More matter with less art

Paul Flynn MP says, "on Thursday last, 14th April, the Commons was treated to the best speech made in this Parliament.

"An unrivalled authoritative source as a soldier and a politician, Adam Holloway revealed the truth on the shared conspiracy that led 634 UK soldiers to the deaths and left 2,000 others to survive, maimed in mind or body."

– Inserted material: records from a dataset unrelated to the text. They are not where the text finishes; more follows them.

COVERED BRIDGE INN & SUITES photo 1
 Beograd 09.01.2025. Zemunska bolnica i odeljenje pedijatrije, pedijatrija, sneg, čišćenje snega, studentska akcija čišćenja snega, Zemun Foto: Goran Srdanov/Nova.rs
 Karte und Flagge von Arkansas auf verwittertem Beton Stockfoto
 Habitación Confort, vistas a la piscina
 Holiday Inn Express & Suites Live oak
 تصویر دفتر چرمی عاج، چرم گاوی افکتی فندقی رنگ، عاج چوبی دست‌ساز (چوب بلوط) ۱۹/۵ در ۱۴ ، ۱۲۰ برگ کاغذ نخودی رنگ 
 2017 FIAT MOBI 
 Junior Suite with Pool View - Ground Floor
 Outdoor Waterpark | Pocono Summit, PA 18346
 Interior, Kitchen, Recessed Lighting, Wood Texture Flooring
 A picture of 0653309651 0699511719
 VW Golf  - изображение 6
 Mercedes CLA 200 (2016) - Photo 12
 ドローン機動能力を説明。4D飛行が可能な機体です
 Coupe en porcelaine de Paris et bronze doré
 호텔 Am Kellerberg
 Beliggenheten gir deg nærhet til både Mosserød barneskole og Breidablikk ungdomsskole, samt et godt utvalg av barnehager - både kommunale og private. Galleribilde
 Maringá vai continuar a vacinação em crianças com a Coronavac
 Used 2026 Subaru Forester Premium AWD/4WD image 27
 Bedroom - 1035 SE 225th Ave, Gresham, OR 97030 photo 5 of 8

The three paragraphs below are the meat in the sandwich as far as I am concerned.
From what I have seen on the ground since I became an MP in 2005—in Iraq, Afghanistan, Libya and last week in Syria with my right hon. Friend the Member for Haltemprice and Howden—I believe that the full panoply of the Government machine has become dysfunctional in four overlapping parts. First, we have suffered from having a narrowly focused class of professional politicians who understand politics, not leadership, and who have almost no understanding of the complexities or realities on the ground. Secondly, we have ambitious civil servants who know that careers advance by staying close to what the rest of the group think. Thirdly, we have military officers with a civil service mindset who have also learned that the right answer is “we can do it” rather than “we can’t do it without…”. Finally, we have experts who are ignored or marginalised.
No experts were present at President Bush’s Prairie Chapel ranch when Prime Minister Blair agreed to support a US-led invasion of Iraq. Of course, Prime Minister Blair was determined to uphold the US-UK alliance, but he does not seem to have made even the slightest attempt to stop his friend President Bush from driving us drunk into Iraq. Back home, we needed to find reasons to go into Iraq, and we created the infamous dossier in a sort of late-night essay crisis. So late into ​the night did they work in Downing Street that they managed to read the bit from the top-secret, single-source report about missiles but failed to read the “analyst’s comment” section of the CX. They failed to see the comment that there was no way in which the missiles referred to could still be in the hands of Saddam Hussein.
Most of the public, as well as many people in Parliament, were in good faith convinced by the Prime Minister. Later, we convinced ourselves that we were in Afghanistan to “fight them over there” so that we did not have to “fight them over here”. Several years ago, after I had given a presentation to an immensely senior person in a previous Government, he asked me, “Adam, are you really saying that the Taliban are not a threat to the UK?” That revealed a fundamental misunderstanding of the difference between the Taliban and al-Qaeda; it almost beggared belief. That difference between a local xenophobic tribal traditional movement and a death cult was not, and is still not, understood.
I recommend you read the whole thing at http://paulflynnmp.typepad.com/my_weblog/2016/04/best-speech-in-this-parliament-ignored-by-media.html.

I must try and pay attention to this Holloway fella, bearing in mind I blogged my bafflement over afghanistan only eight days ago (Icons passim).